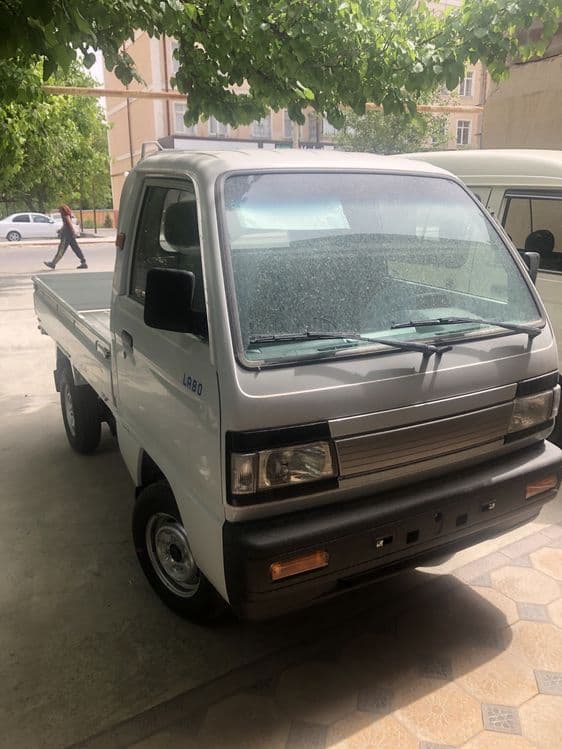 Labo yuk tashish xizmati dastavka — 1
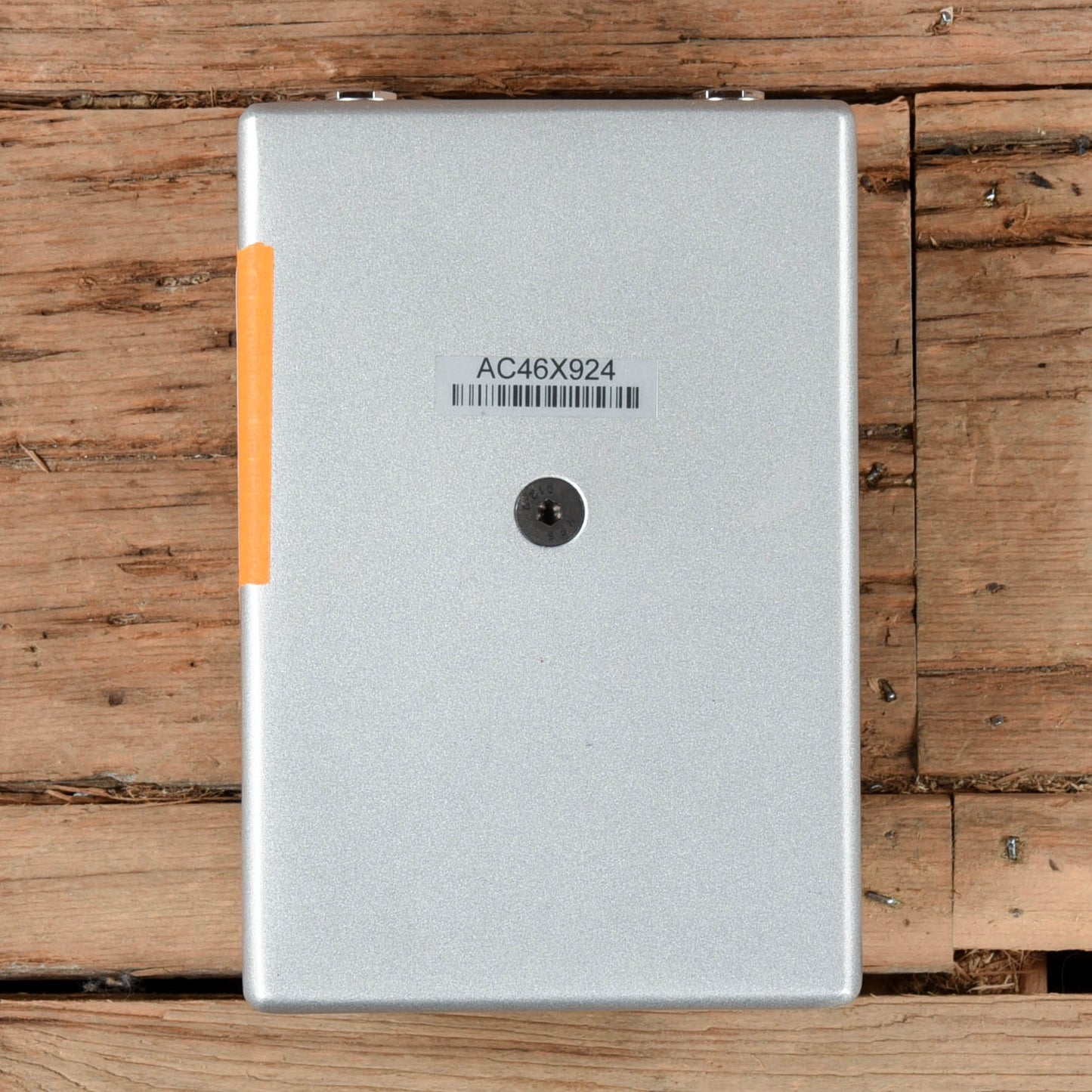 MXR M222 Talk Box Effects and Pedals / Wahs and Filters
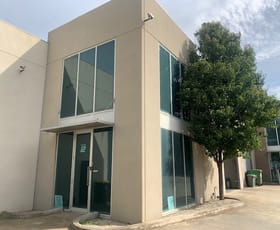 Factory, Warehouse & Industrial commercial property for lease at 2/10 Akuna Drive Williamstown VIC 3016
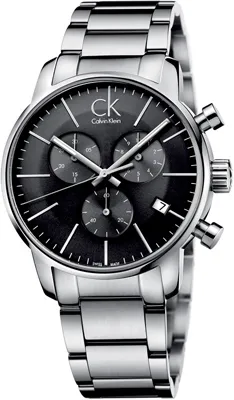 Calvin Klein K2G27143 Kol Saati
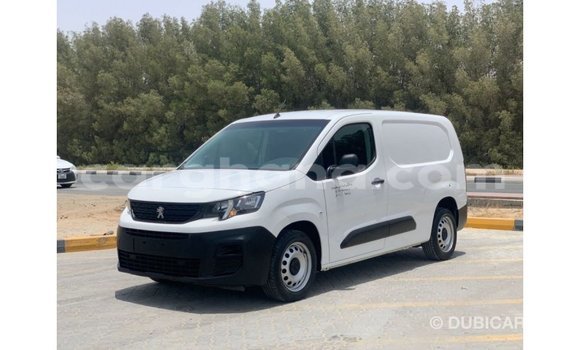 Ra Imported Peugeot Partner funfun Ọkọ̀ in Import - Dubai ni Ashanti Ra Imported Peugeot Partner funfun Ọkọ̀ in Import - Dubai ni Ashanti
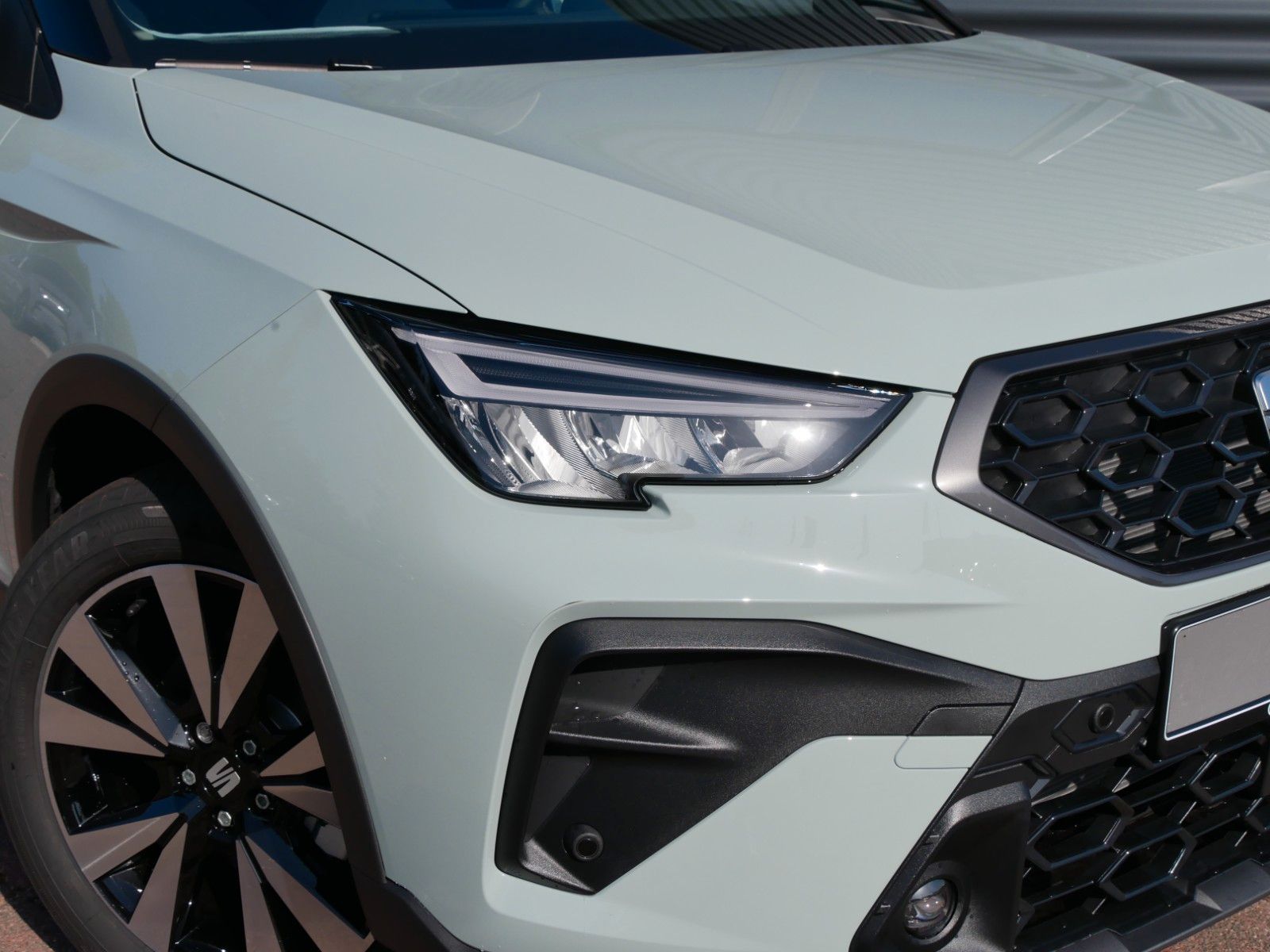 Seat Arona - Bild 6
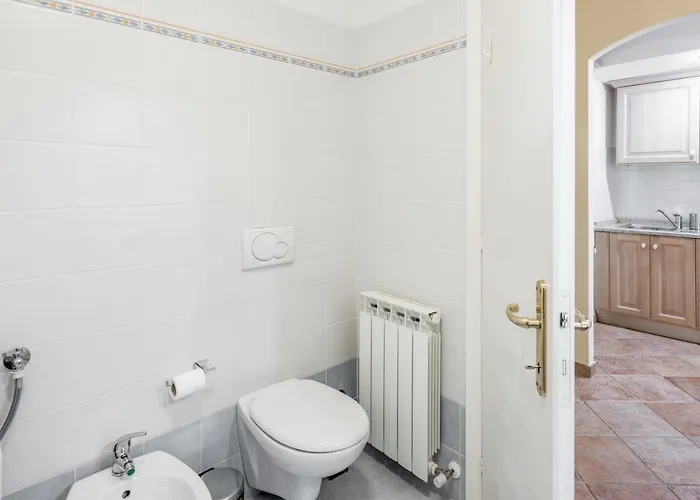 Oak House With Parking Apartamento *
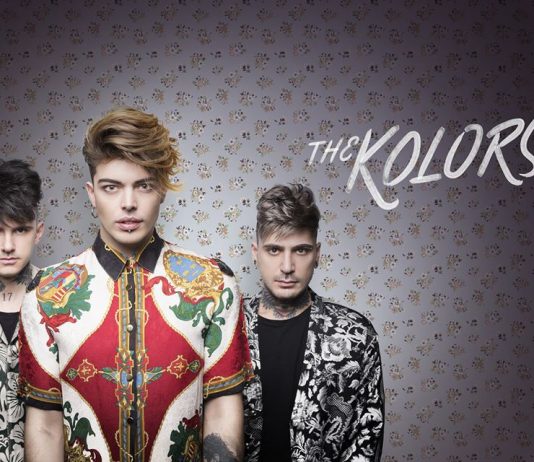 The Kolors Sanremo 2021, nella serata delle cover con Random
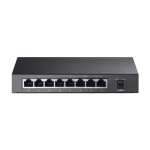 4 x RJ45 10/100 Mbps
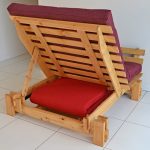 قاعدة سرير العظام مع آلية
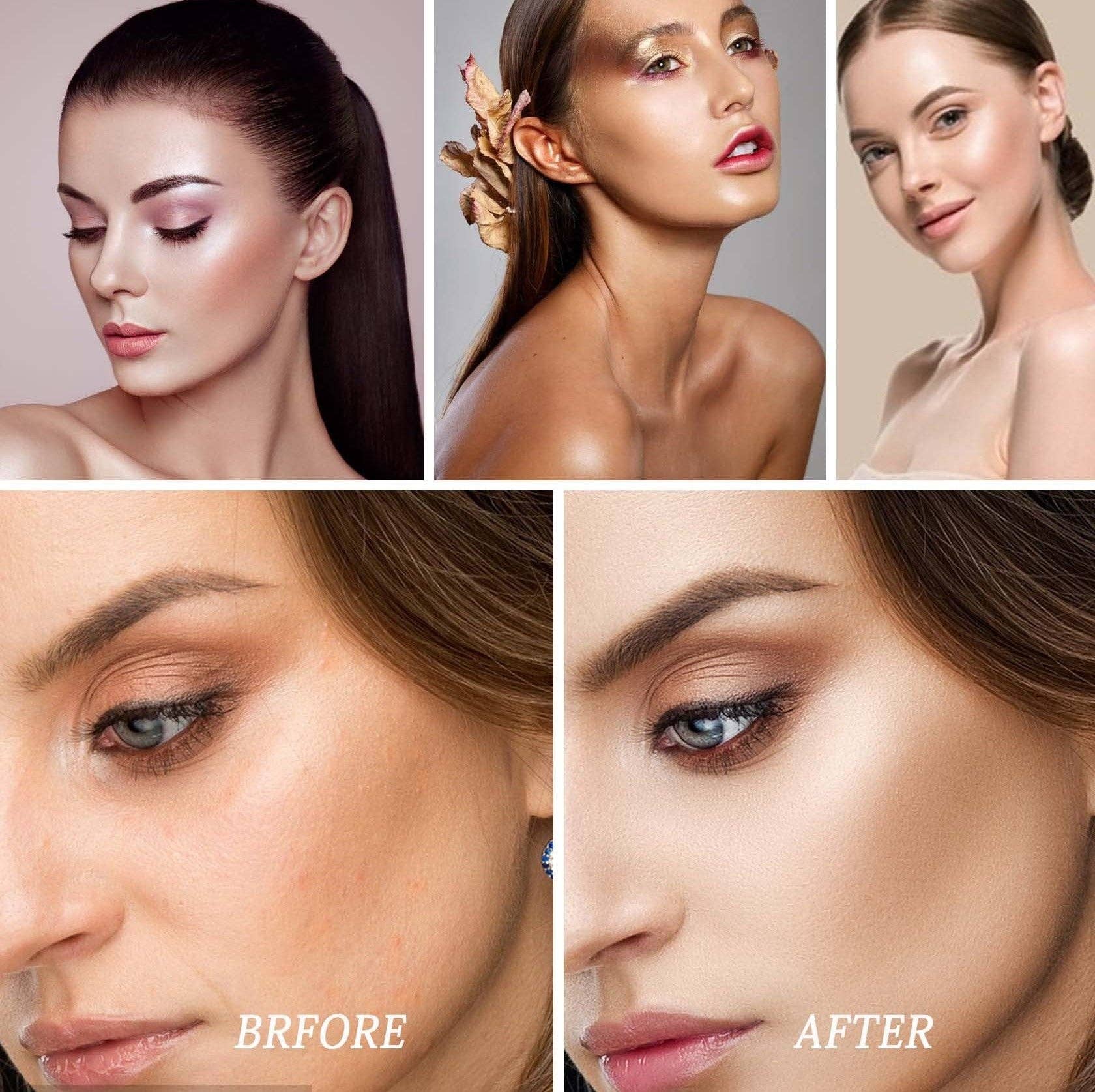 VIAI Beauty - Wholesale Face Concealer - Conceal & Define Infinite Longwear Concealer XL8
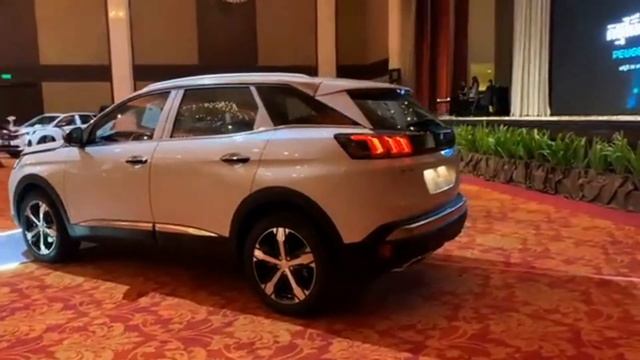 Peugeot 3008 2022 Reviews, Peugeot 3008 2022 Specifications, Peugeot 3008 2022 Lunch in Cambodia, смотреть онлайн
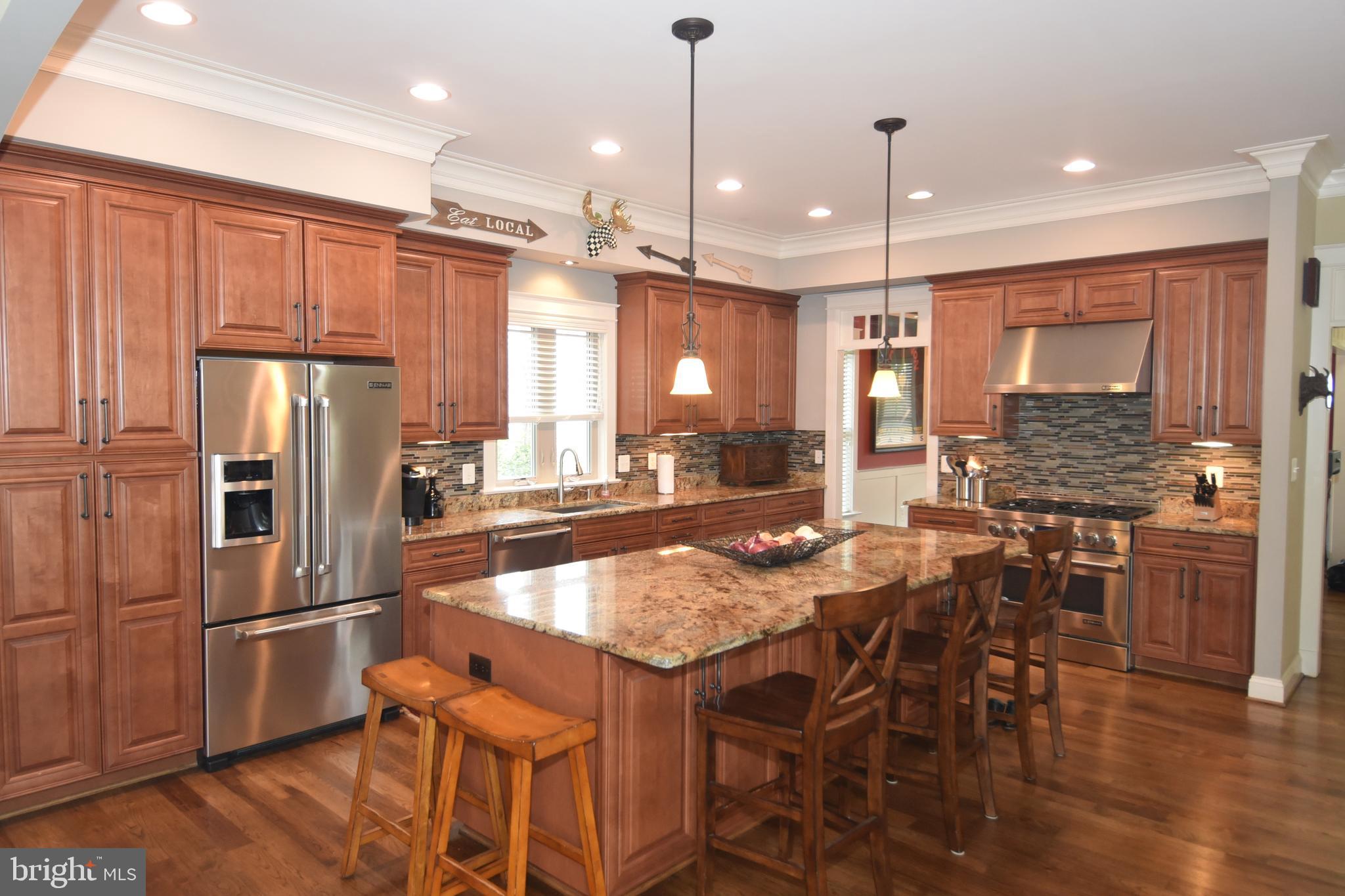 ALCOVA HEIGHTS - Residential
---
Your answer must be the records above, copied exactly, with no pictures.

● Expected answer
 Labo yuk tashish xizmati dastavka — 1
 MXR M222 Talk Box Effects and Pedals / Wahs and Filters
 Factory, Warehouse & Industrial commercial property for lease at 2/10 Akuna Drive Williamstown VIC 3016
 Calvin Klein K2G27143 Kol Saati
 Ra Imported Peugeot Partner funfun Ọkọ̀ in Import - Dubai ni Ashanti Ra Imported Peugeot Partner funfun Ọkọ̀ in Import - Dubai ni Ashanti
 Seat Arona - Bild 6
 Oak House With Parking Apartamento *
 The Kolors Sanremo 2021, nella serata delle cover con Random
 4 x RJ45 10/100 Mbps
 قاعدة سرير العظام مع آلية
 VIAI Beauty - Wholesale Face Concealer - Conceal & Define Infinite Longwear Concealer XL8
 Peugeot 3008 2022 Reviews, Peugeot 3008 2022 Specifications, Peugeot 3008 2022 Lunch in Cambodia, смотреть онлайн
 ALCOVA HEIGHTS - Residential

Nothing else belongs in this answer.